* **Problem statement**:
Show all lines of the entries in which the word "Photo" is found.

* **Provided data**:
>>>

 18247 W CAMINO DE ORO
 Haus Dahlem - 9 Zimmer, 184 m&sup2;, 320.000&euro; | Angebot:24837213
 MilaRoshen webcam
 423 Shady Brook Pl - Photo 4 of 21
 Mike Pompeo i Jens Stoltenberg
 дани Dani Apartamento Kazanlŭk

<<<
>>>

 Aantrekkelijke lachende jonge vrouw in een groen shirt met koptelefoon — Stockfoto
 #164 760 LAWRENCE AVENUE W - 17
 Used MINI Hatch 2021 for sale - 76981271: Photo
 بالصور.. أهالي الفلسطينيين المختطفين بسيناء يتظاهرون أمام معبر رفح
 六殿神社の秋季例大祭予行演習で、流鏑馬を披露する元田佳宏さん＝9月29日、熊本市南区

<<<
>>>

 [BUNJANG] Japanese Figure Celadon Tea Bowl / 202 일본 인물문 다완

<<<

* **Written response**:
 423 Shady Brook Pl - Photo 4 of 21
 Used MINI Hatch 2021 for sale - 76981271: Photo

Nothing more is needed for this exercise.